The recipe was really easy - it only took about 10 minutes to do. The milk had to sit out at room temperature for about 12 hours, so Sunday morning before work, I drained it into cheesecloth. It wasn't really like the ricotta or paneer I had made before, where the curds separate visibly from the whey. I poured the entire pot into the cheesecloth, and it seemed very watery. I wasn't quite sure how it was going to turn out, but I was really excited to come home from work to find it had set up perfectly. I was happy.
I haven't quite had time to figure out what to do with it yet because on Monday I got really sick. I'll post some pictures once I make something with the cheese. But I will definitely be making more cheese in the future, maybe some goat's cheese, if I can find goat's milk, and feta one day soon too.

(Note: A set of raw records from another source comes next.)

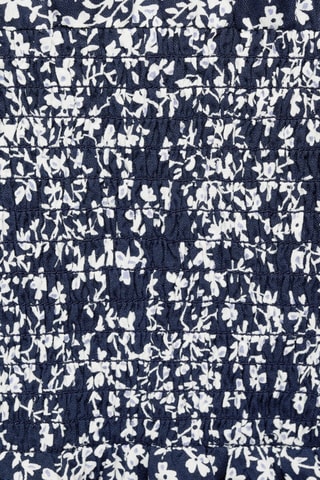 Robe à fleurs - Bleu marine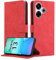 Nevecover Handyhülle für Xiaomi Redmi 13 4G Hülle,Premium Lederhülle Klappbar Flip Case Tasche Magnet Kartenfach Standfunktion Schutzhülle für Xiaomi Redmi 13 4G (6.79) - Rot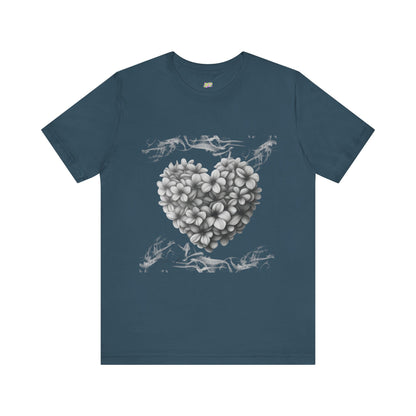 Woman tee - Frangipani heart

From 200 Easy Homemade Cheese Recipes
4L whole milk
1/4 tsp aroma or mesophilic culture
2 drops liquid rennet
- In a large pot, warm milk over medium heat to 77F (25C), stirring gently to prevent scorching. Remove from heat.

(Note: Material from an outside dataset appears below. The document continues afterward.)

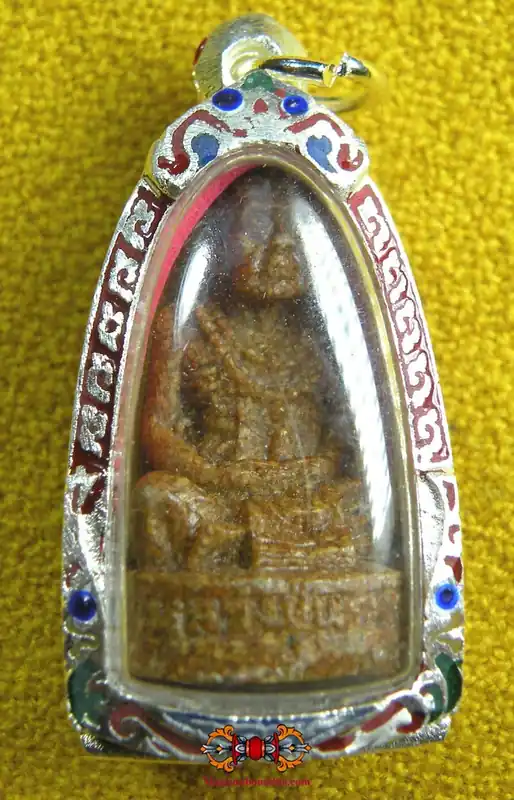 Roop Lor amulet made of ancient tiles of the Most Venerable LP Phromma.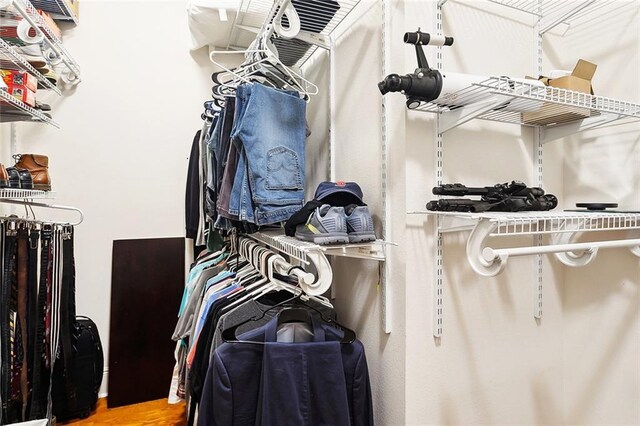 111 Columbia Pl, Slidell, LA 70458 - walk in closet with wood finished floors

- Sprinkle culture over surface of milk and let stand about 5 minutes to rehydrate.
- Using a skimmer and an up-and-down motion, gently draw culture down into milk without breaking surface of milk.
- Dilute rennet in 1 tablespoon of cool water.
- Add diluted rennet to milk. Using same up-and-down motion, draw rennet down into milk until well blended.
- Cover and let set at room temperature in a draft-free location for 12 hours.
- Using a skimmer, ladle curd into a cloth-lined colander and let drain. The draining will take several hours, depending on how firm you want your final product to be.
- Remove cheese from cloth and place in a bowl. Weigh cheese, then add 1% of the weight in salt.
- Store in the coldest part of the refrigerator for up to 2 weeks.